#### Exercise objective:
Starting at the top of the entries below, write out each line up to and including the one containing "Поезд отправляется: Шотландия (фото 8)". Leave the pictures out.

---------- Supplied information

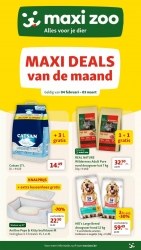 Folder Maxi Zoo Sint-Truiden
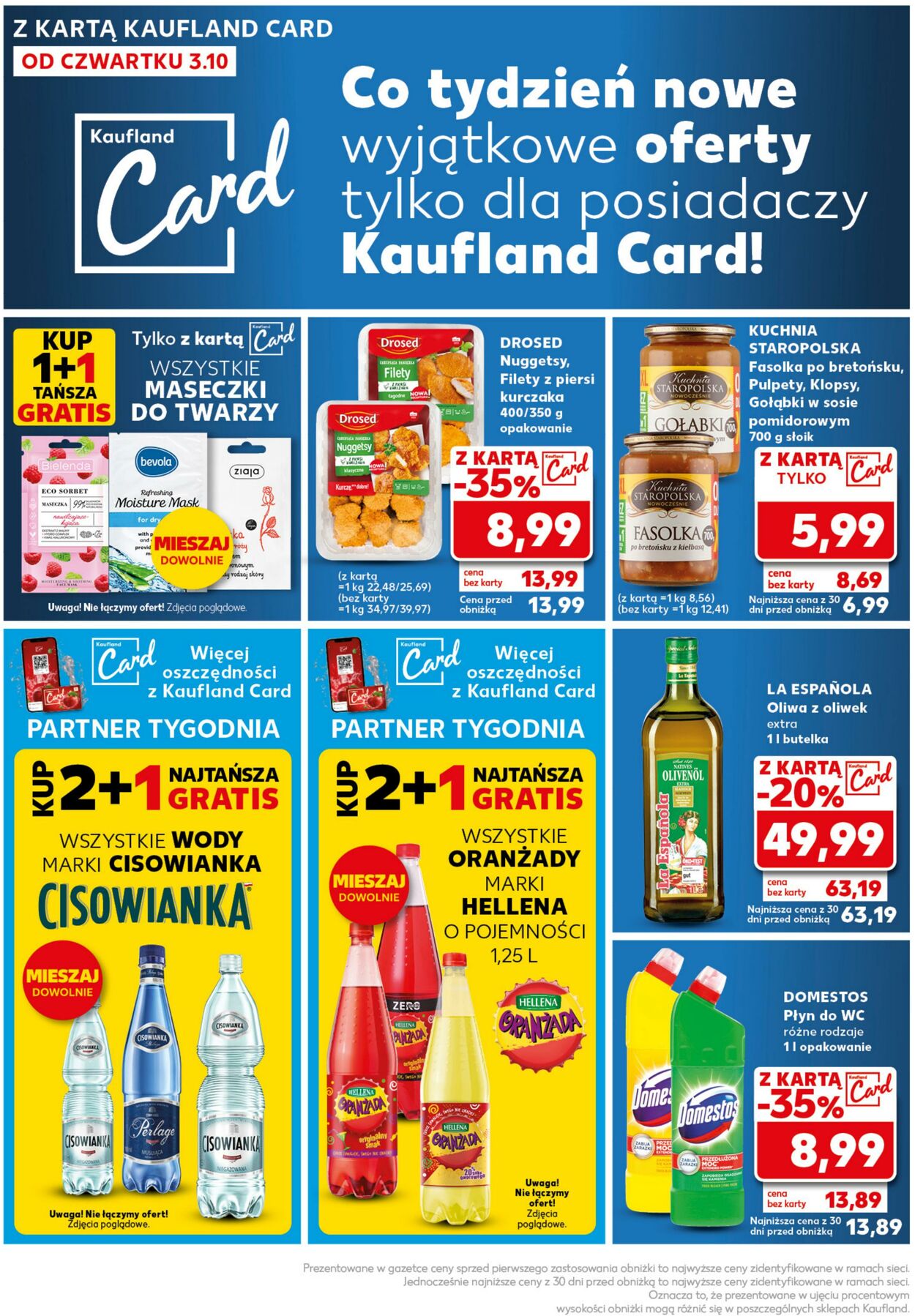 Gazetka Kaufland 07.10.2024 - 09.10.2024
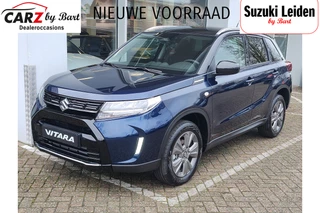 Suzuki Vitara 1.4 BOOSTERJET SELECT SMART HYBRID Ook Solar Yellow beschikbaar! | Tot 10 JAAR GARANTIE! | Inclusief € 1.600,- Voorraad Voordeel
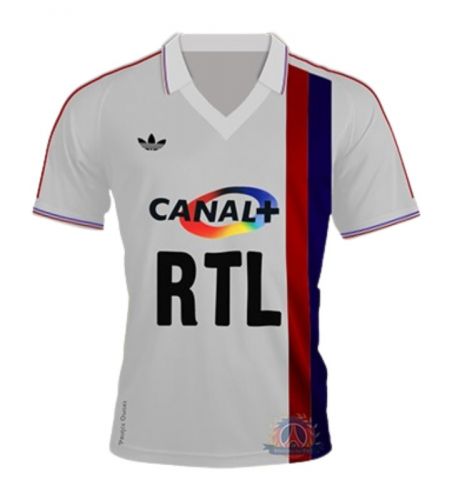 Paris Saint-Germain 1986-87 Local
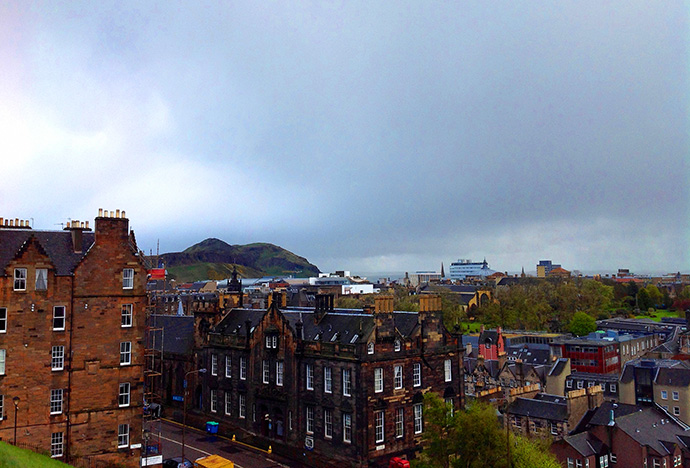 Поезд отправляется: Шотландия (фото 8)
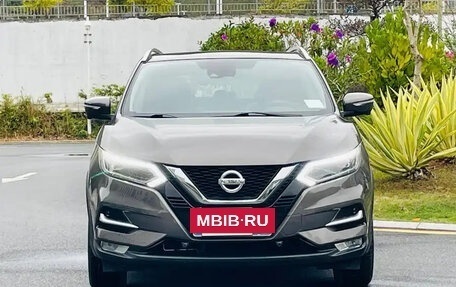 Nissan Qashqai, 2022 год, 1 850 000 рублей, 2 фотография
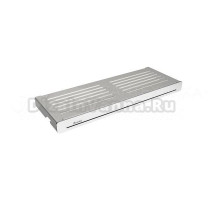 Полка Ravak Slim S X07P577 сатин, хром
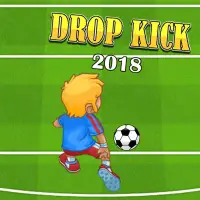Drop Kick World Champs game cover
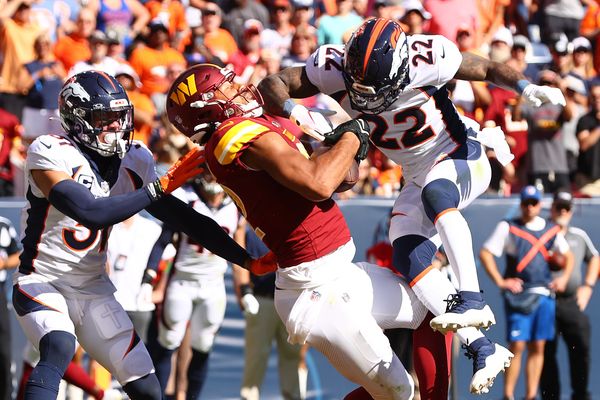 Broncos guard Dalton Risner gives masterclass in unawareness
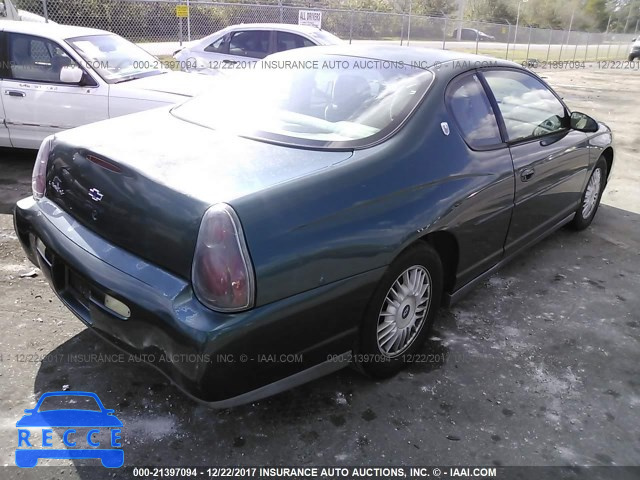 2000 Chevrolet Monte Carlo LS 2G1WW12E9Y9269910 зображення 3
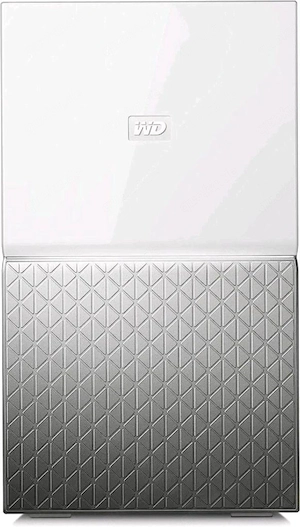 WD My Cloud Home Duo 16 TB [Doppellaufwerk]persönliche Cloud Bild 4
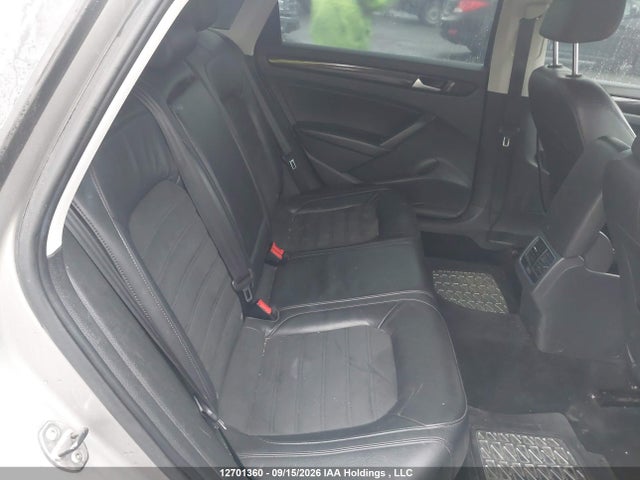 Aukcja sprzedaży 2014 Volkswagen Passat 2.0 Tdi Highline, vin: 1VWCN7A39EC089747, numer aukcji: 12701360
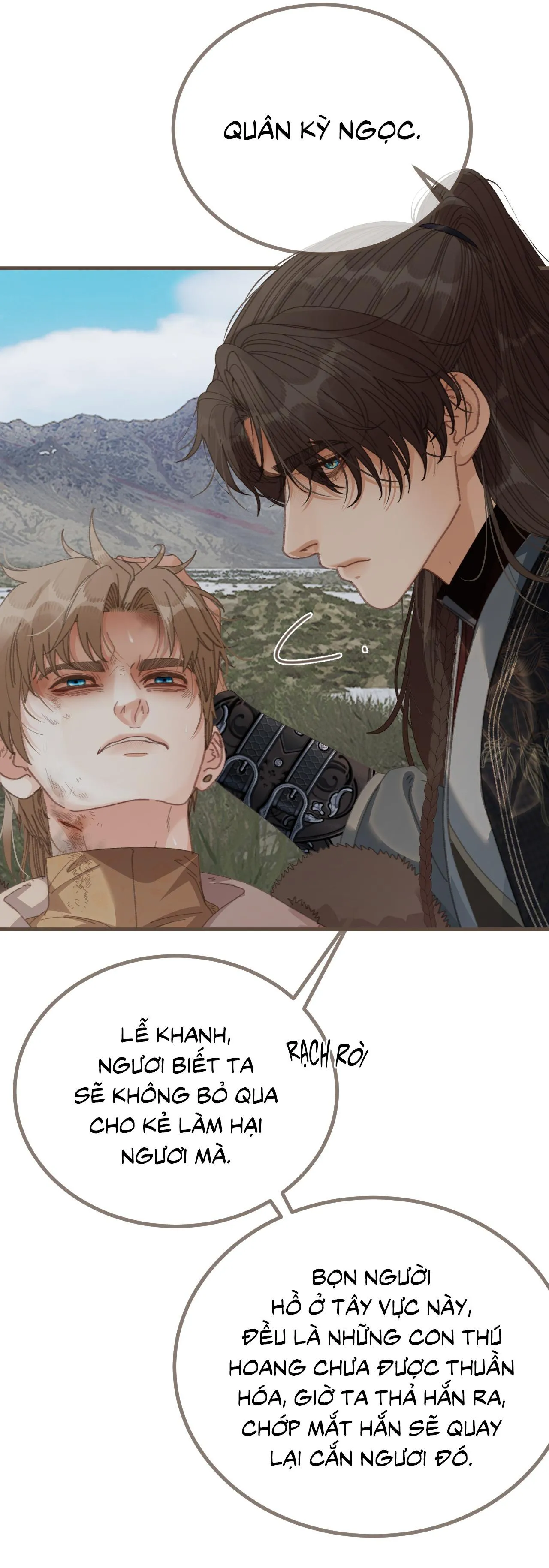 Á NÔ 2 - THÁM HOA Chapter 83 Trang 22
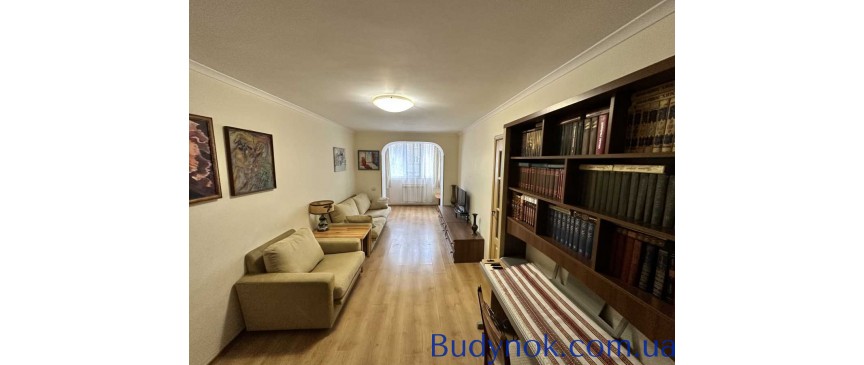 довгострокова оренда 3-к квартира Київ, Голосіївський, 25000 грн./міс.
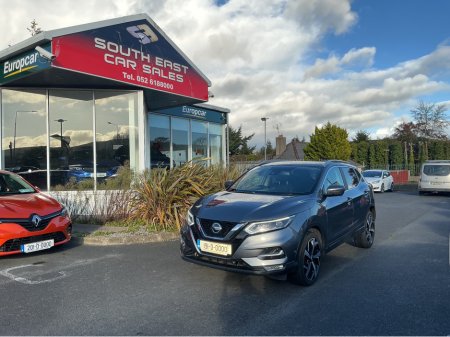 2019 Nissan Qashqai TEKNA DCI €19,995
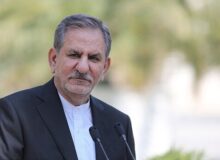 جهانگیری: اولویت اصلی، دفاع از کشور در برابر تهاجم خارجی است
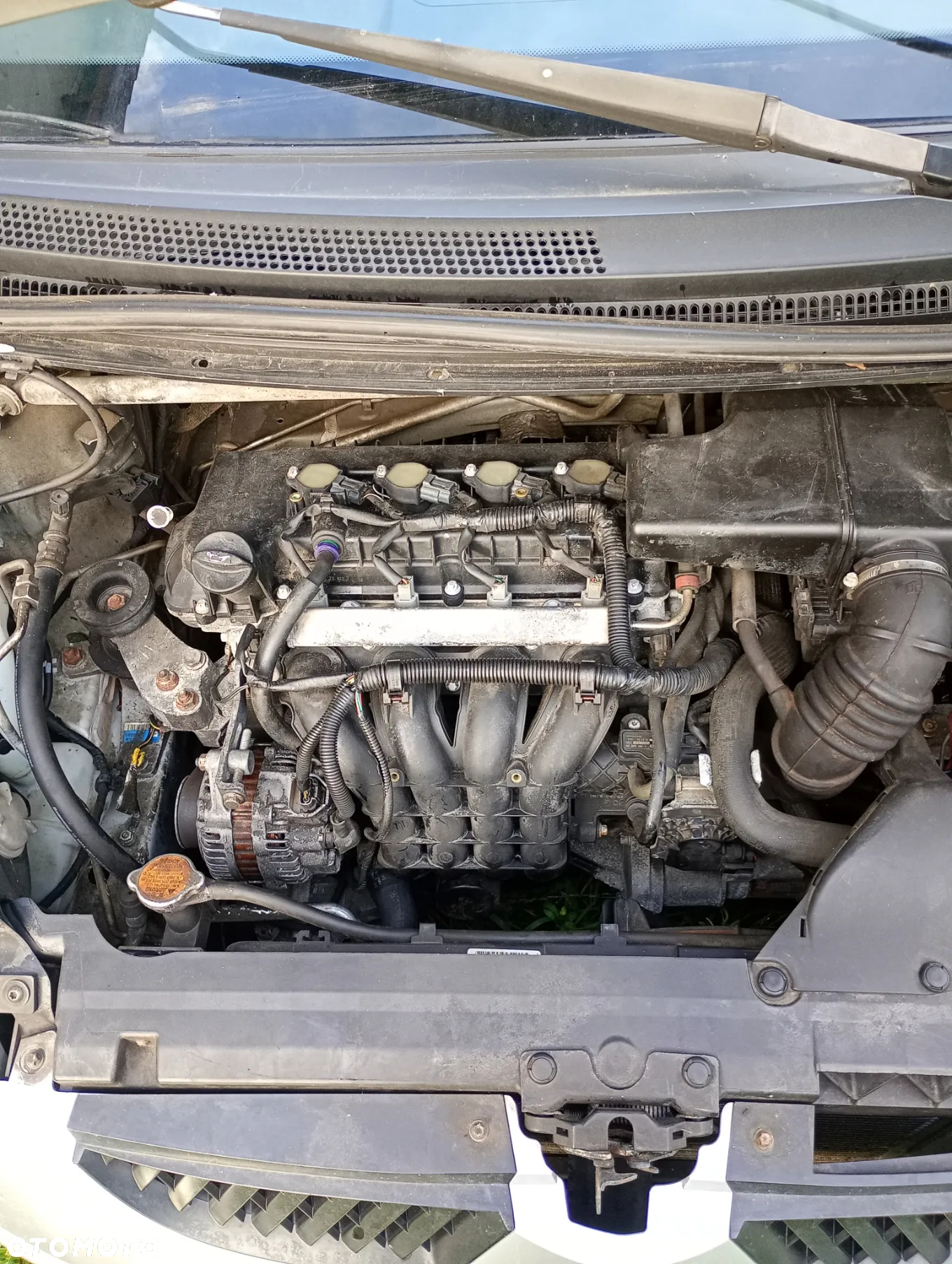 Mitsubishi Colt - 10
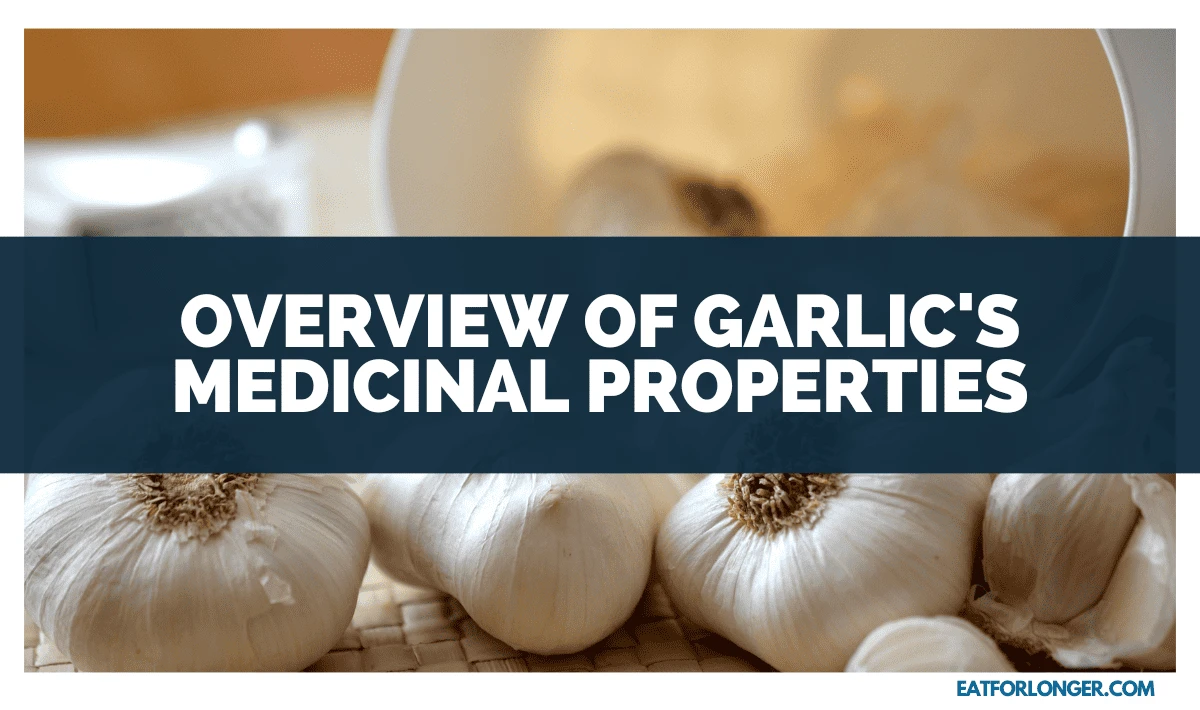 Overview of Garlic's Medicinal Properties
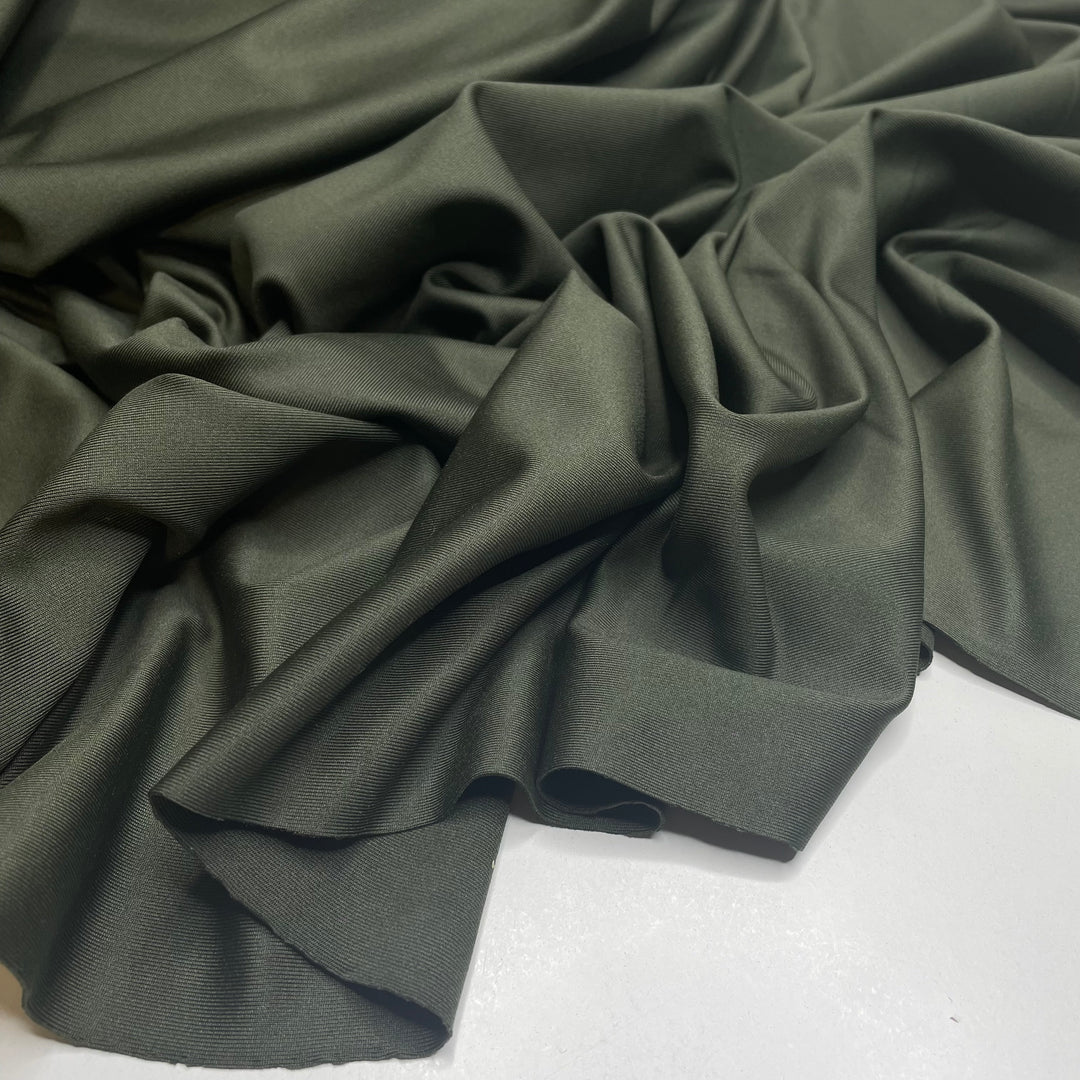 Cold Water Eden - Rib Knit Nylon/Spandex Knit - Green - Bundles (6710200991857)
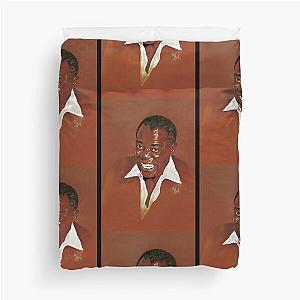 Louis Armstrong Duvet Cover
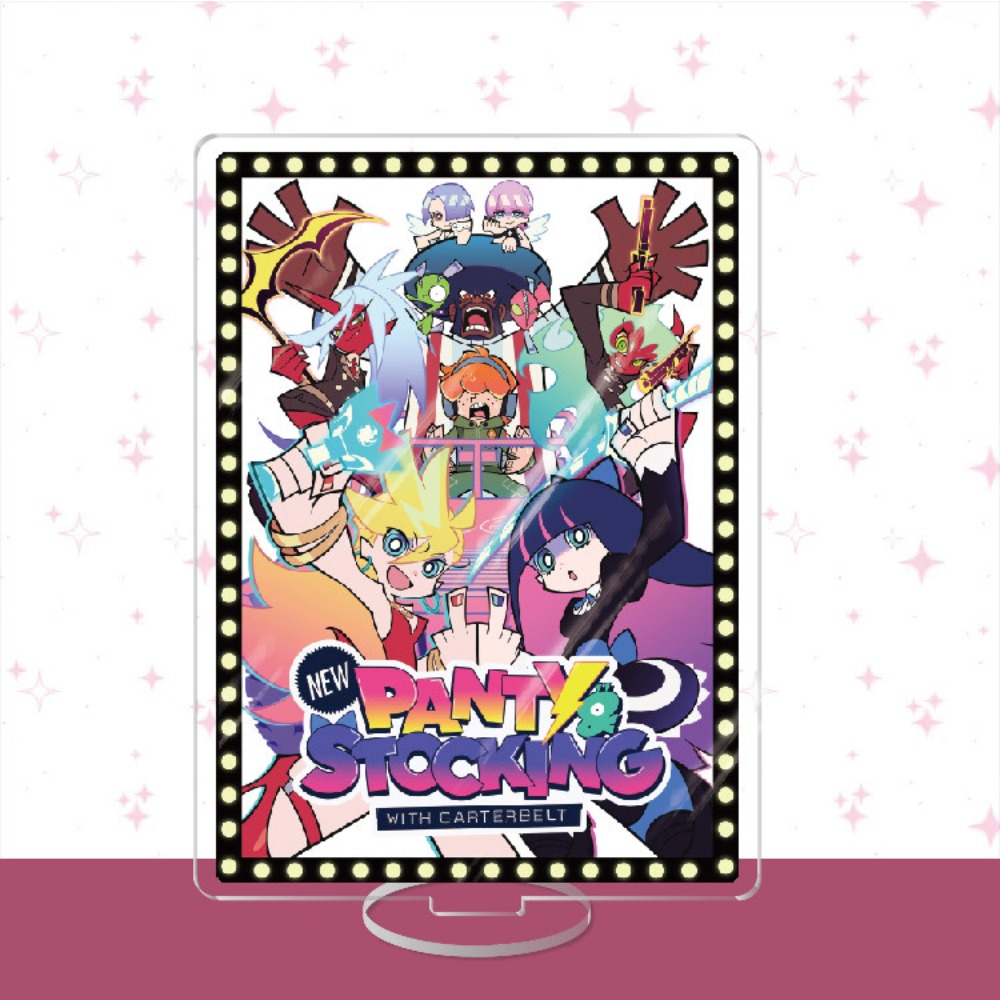 Leuke Panty Stocking Anarchy A - Desk Setup Cute recensie en prijs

--------------------

#### Output for this task:
 Folder Maxi Zoo Sint-Truiden
 Gazetka Kaufland 07.10.2024 - 09.10.2024
 Suzuki Vitara 1.4 BOOSTERJET SELECT SMART HYBRID Ook Solar Yellow beschikbaar! | Tot 10 JAAR GARANTIE! | Inclusief € 1.600,- Voorraad Voordeel
 Paris Saint-Germain 1986-87 Local
 Поезд отправляется: Шотландия (фото 8)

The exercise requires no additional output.